GIVEN RECORDS: Begin
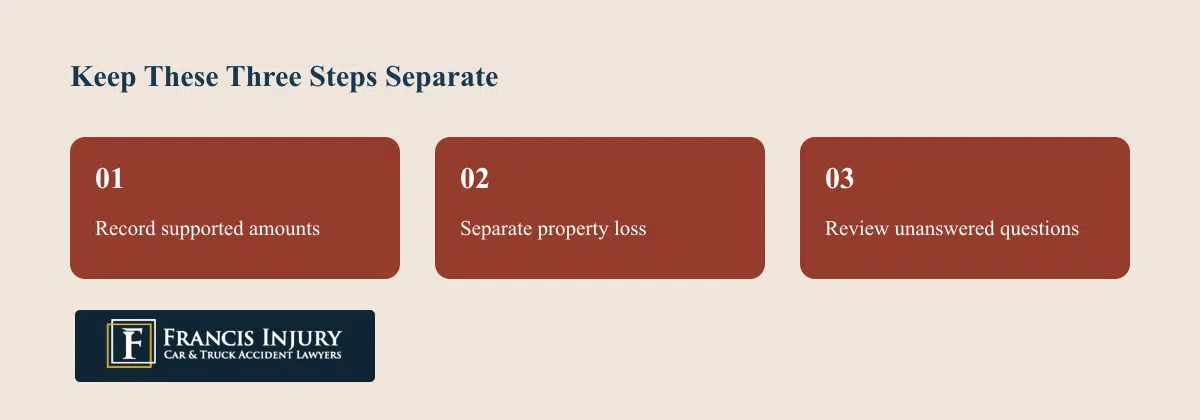 Record supported amounts; Separate property loss; Review unanswered questions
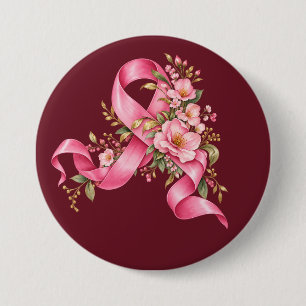 Rosa florales Brustkrebs-Bewusstseinsband Button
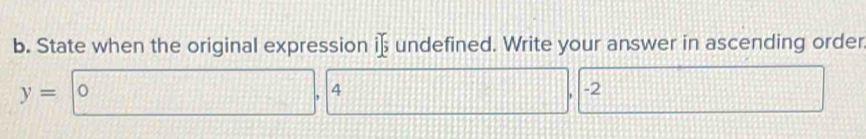 State when the original expression i]_5 undefined. Write your answer in ascending order
y= 0. 4 □ x_□  -2 □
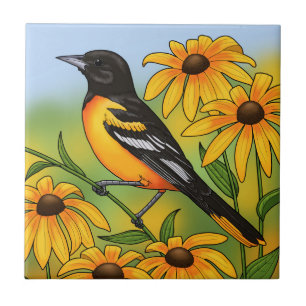 MD State Bird Oriole & Black-eyed Susan Flower Ceramic Tile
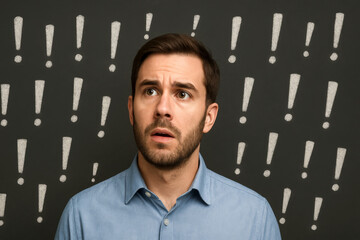 A man looks upwards with a concerned expression as white exclamation marks surround him on a blackboard background. He wears a light blue shirt, standing against the chalk-drawn symbols.AI generated.
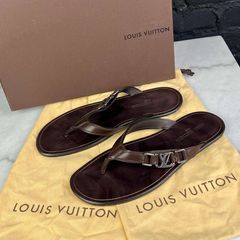 LOUIS VUITTON Black Men's Hamptons Thong Flip Flops Size 8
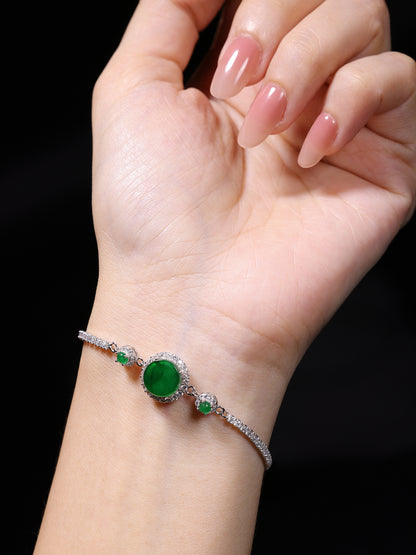 The Bracelet S925 Silver With Burma Natural jade (Cricle Button Style)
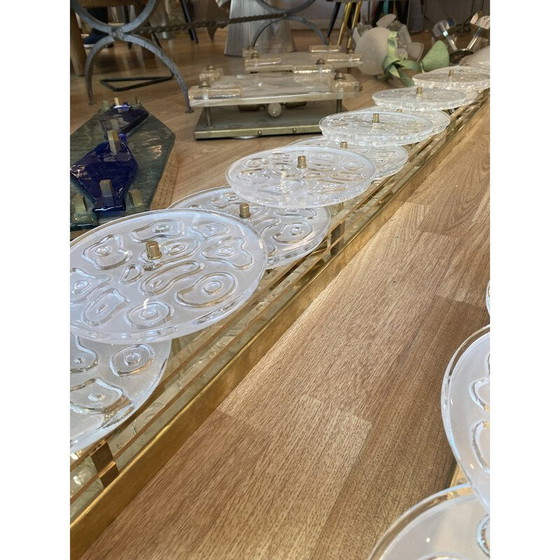 Image 1 of Paire d'appliques vintage en laiton et verre de Murano, or et blanc, 1970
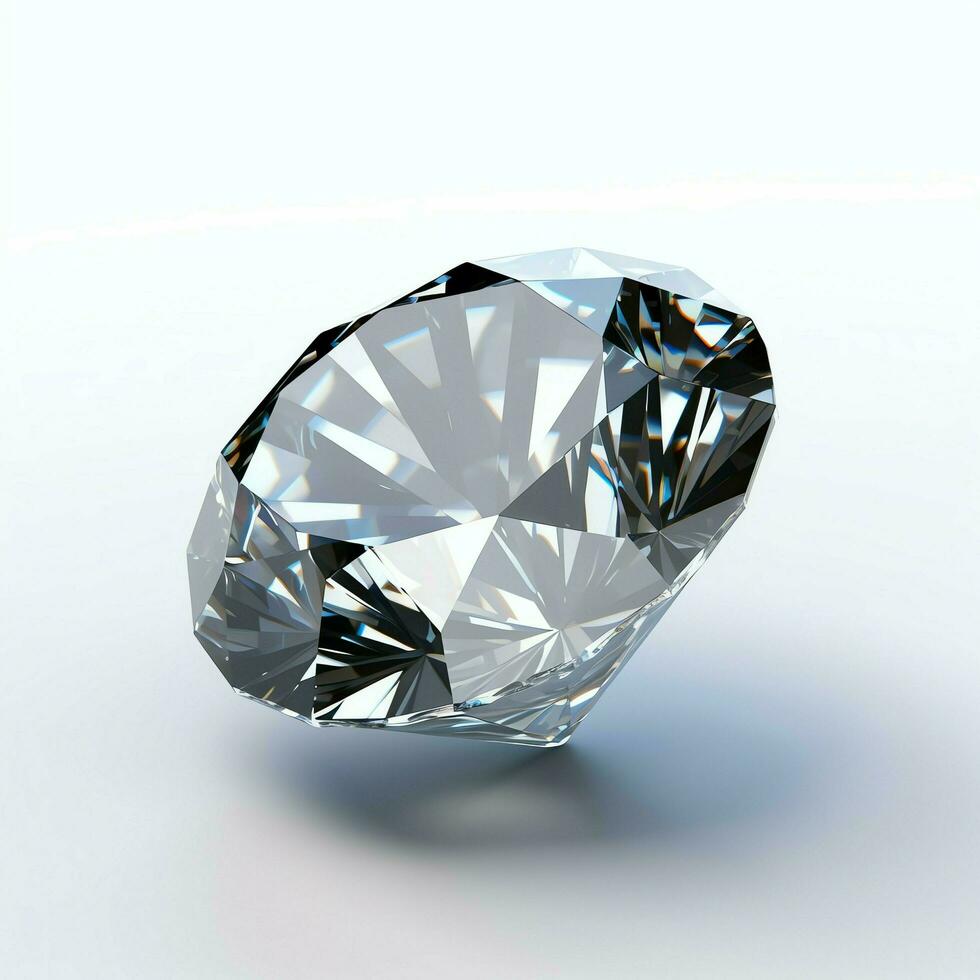 branco brilhante Claro grande diamante ou lindo jóia isolado em branco superfície. deslumbrante clássico diamante conceito de ai gerado foto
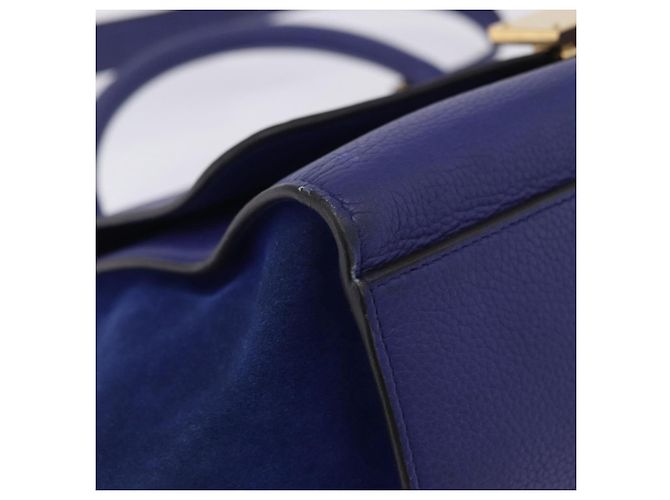 Céline Borsa a mano CELINE Trapeze in pelle scamosciata 2way Blu Oro Auth 203775A D'oro - vista 12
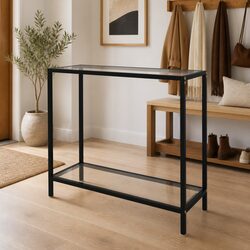 Functional Console Table with Tempered Glass and Steel Frame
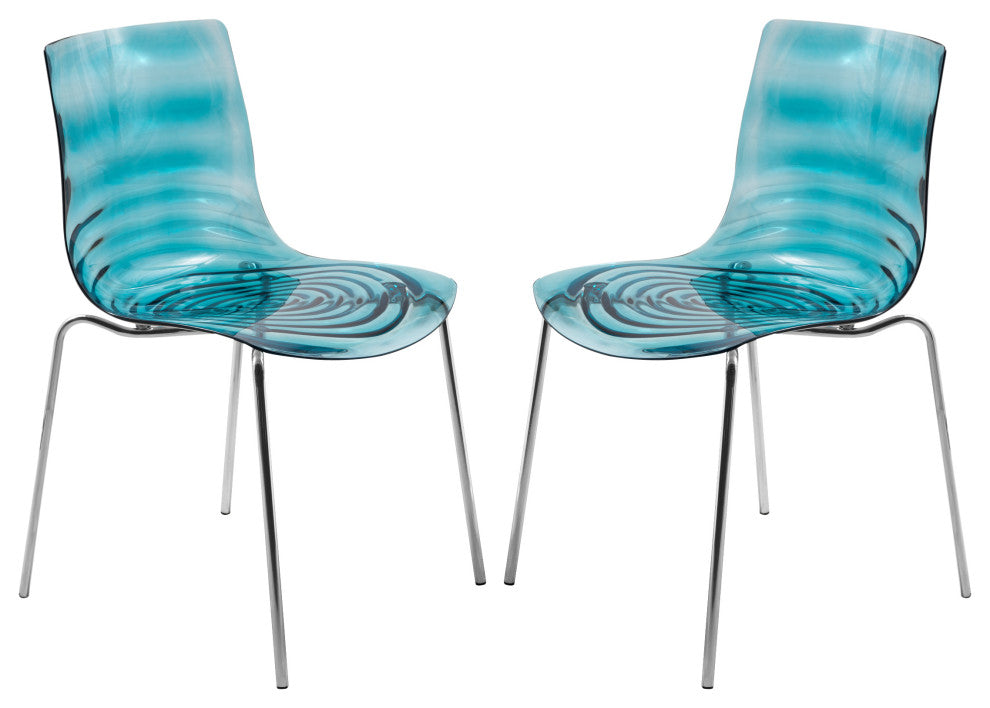 LeisureMod Modern Astor Plastic Dining Chair, Set of 2 Transparent Blue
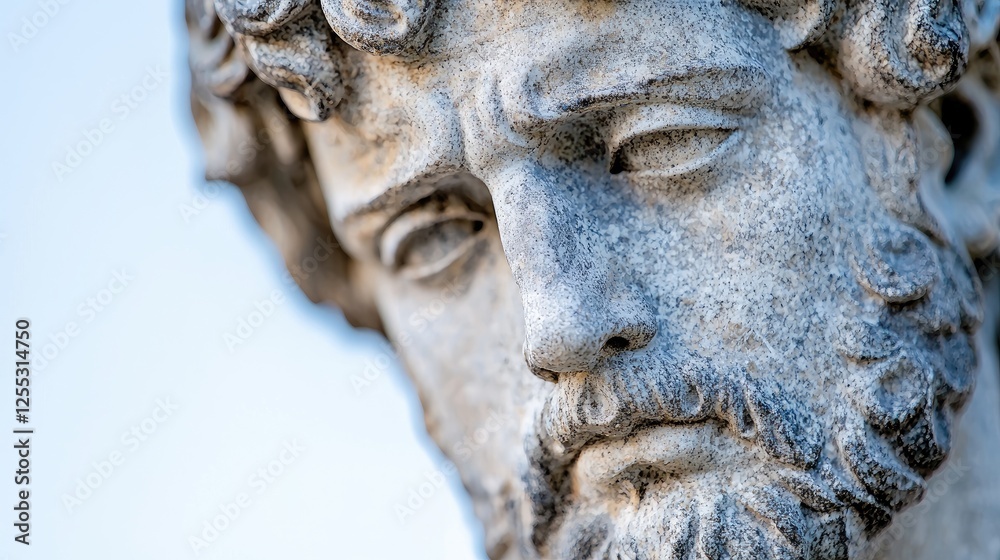 Ancient stone statue head, outdoor closeup, weathered details, possible museum or historical site Ancient stone statue head, outdoor closeup, weathered details, possible museum or historical site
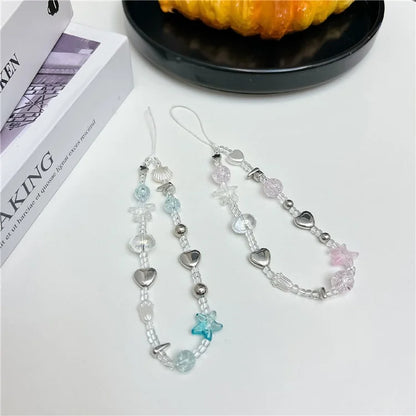 Beaded Phone Charm Phone Strap Hanging String Anti-Lost Key Chain Wristlet Bracelet
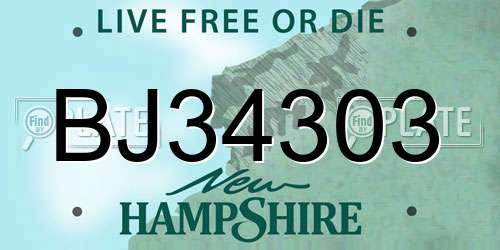 BJ34303 New Hampshire License Plate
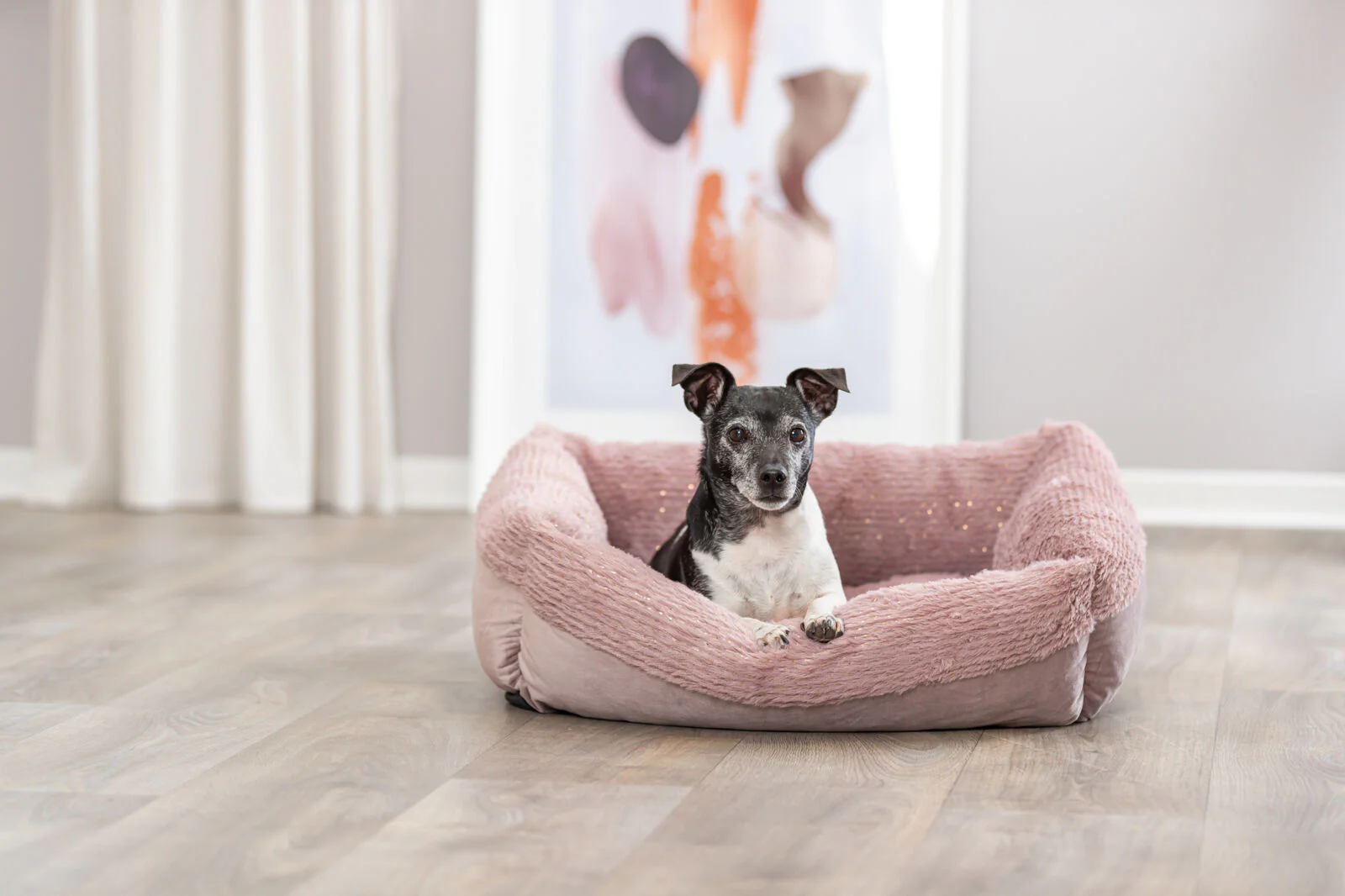Hundeseng med juleglimmer - Rosa eller Grå - Image 3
GIVEN RECORDS: End
* **WHAT YOU NEED TO DO**
Working from the records above, set down word for word everything from the line containing "Rosa florales Brustkrebs-Bewusstseinsband" down to the line containing "LOUIS VUITTON Black", ends included, minus the pictures.

* **RESPONSE AREA**
 Rosa florales Brustkrebs-Bewusstseinsband Button
 State when the original expression i]_5 undefined. Write your answer in ascending order
y= 0. 4 □ x_□  -2 □
 MD State Bird Oriole & Black-eyed Susan Flower Ceramic Tile
 A man looks upwards with a concerned expression as white exclamation marks surround him on a blackboard background. He wears a light blue shirt, standing against the chalk-drawn symbols.AI generated.
 LOUIS VUITTON Black Men's Hamptons Thong Flip Flops Size 8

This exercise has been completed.